[STORED DATA — start]

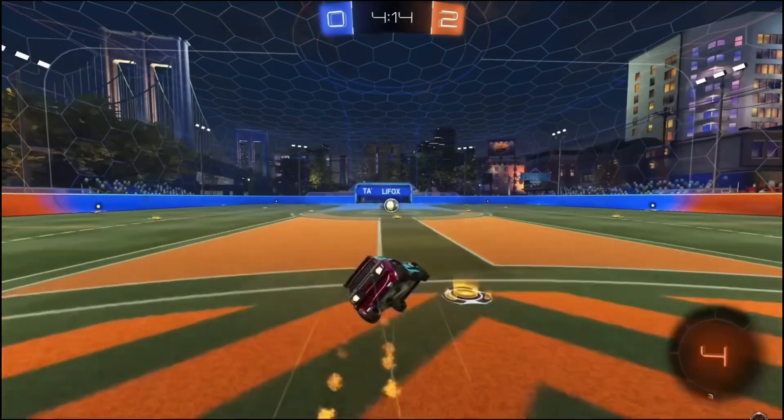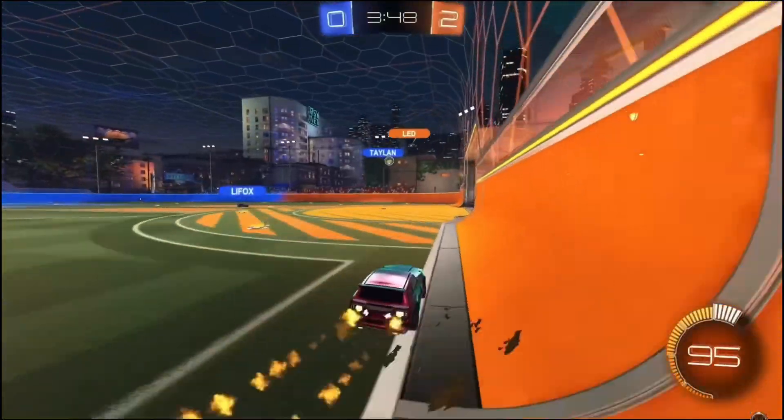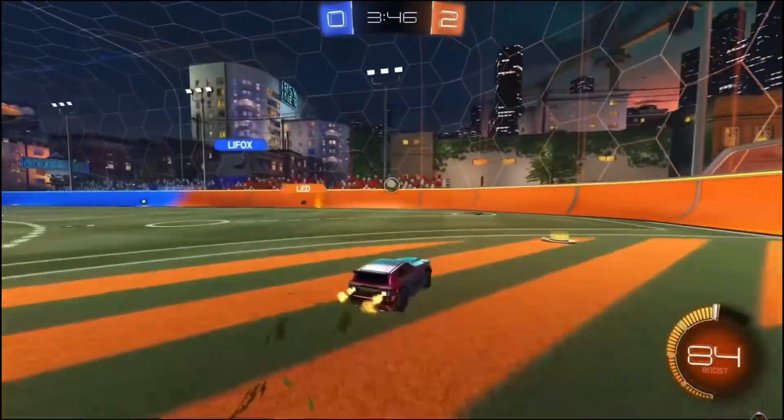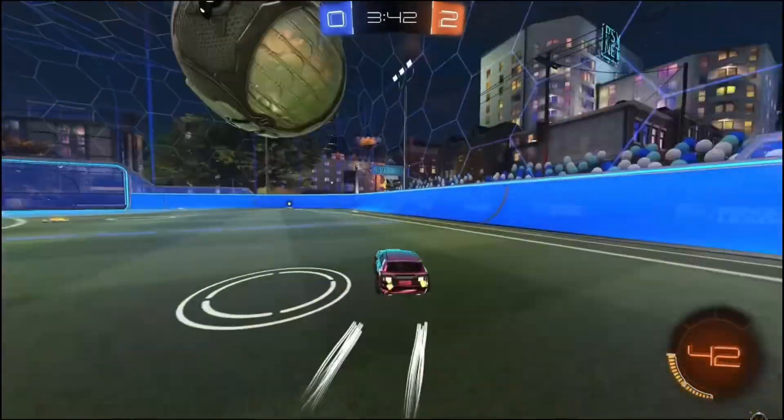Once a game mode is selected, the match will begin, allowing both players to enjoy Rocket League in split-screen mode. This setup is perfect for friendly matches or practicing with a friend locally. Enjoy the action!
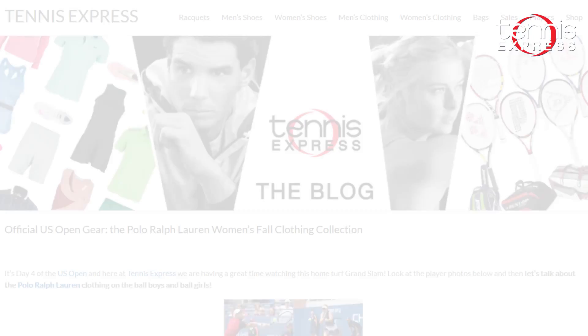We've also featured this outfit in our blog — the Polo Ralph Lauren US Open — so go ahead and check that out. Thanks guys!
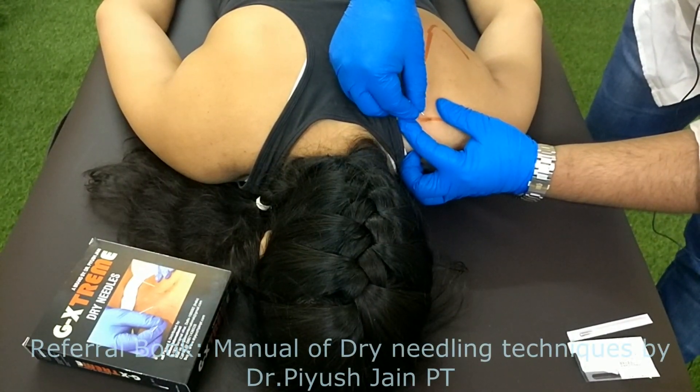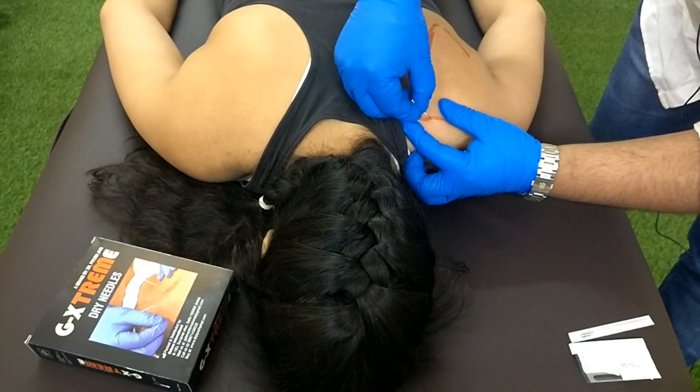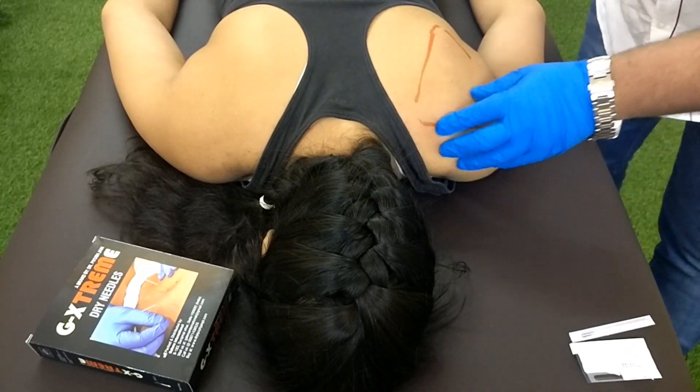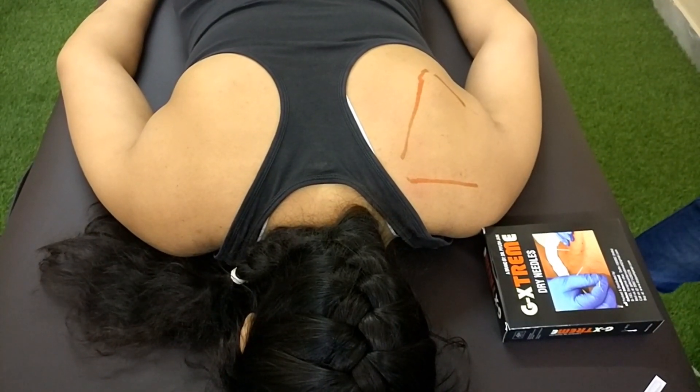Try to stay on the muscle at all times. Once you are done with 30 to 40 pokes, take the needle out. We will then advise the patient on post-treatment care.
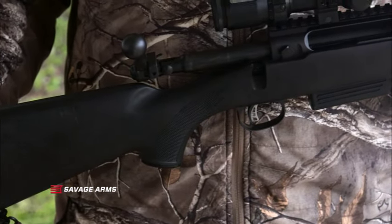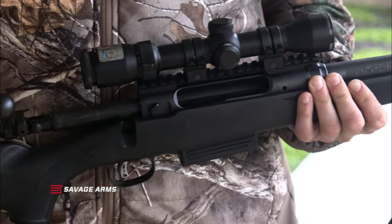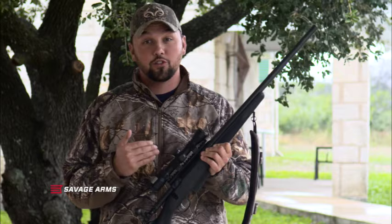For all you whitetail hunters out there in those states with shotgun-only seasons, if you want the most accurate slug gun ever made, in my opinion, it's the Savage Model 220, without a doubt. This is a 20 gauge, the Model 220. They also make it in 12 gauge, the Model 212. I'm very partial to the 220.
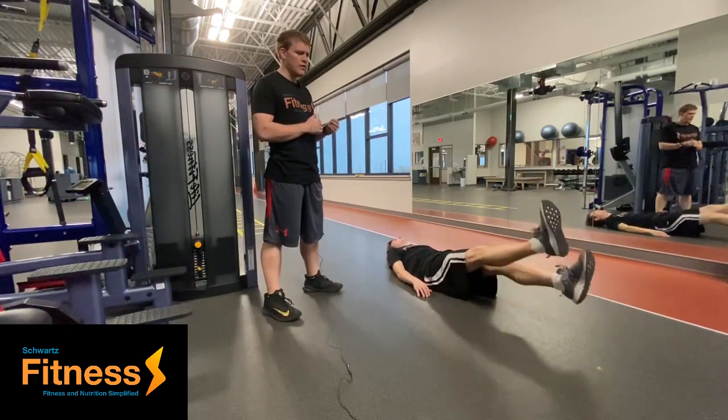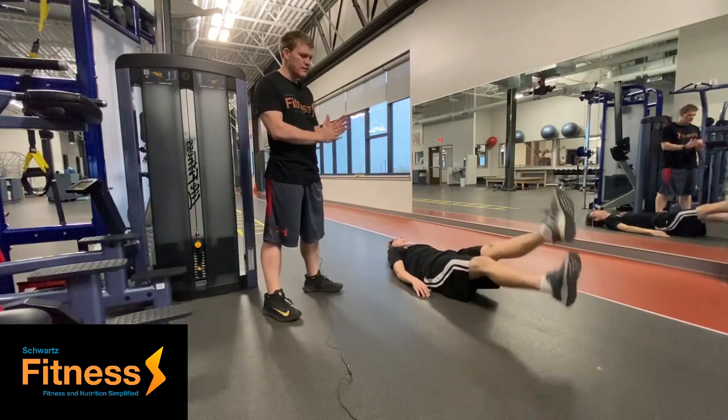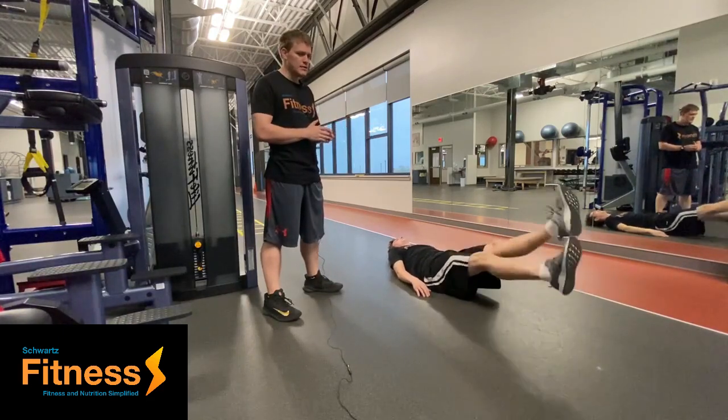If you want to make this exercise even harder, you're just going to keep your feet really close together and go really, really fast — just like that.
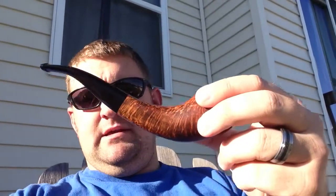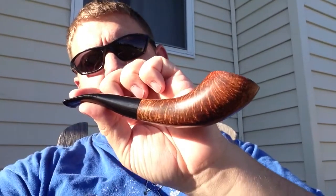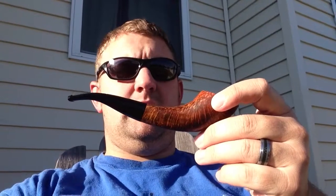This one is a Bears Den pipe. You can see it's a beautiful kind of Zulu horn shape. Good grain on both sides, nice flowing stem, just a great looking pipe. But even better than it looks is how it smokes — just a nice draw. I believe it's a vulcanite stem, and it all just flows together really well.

[STORED DATA — finish]

WORK ITEM: Starting at the line containing "We've also featured" and stopping at the line containing "Try to stay", output every line above exactly, both ends included, with pictures omitted.

REPLY TO THE TASK:
We've also featured this outfit in our blog — the Polo Ralph Lauren US Open — so go ahead and check that out. Thanks guys!
Try to stay on the muscle at all times. Once you are done with 30 to 40 pokes, take the needle out. We will then advise the patient on post-treatment care.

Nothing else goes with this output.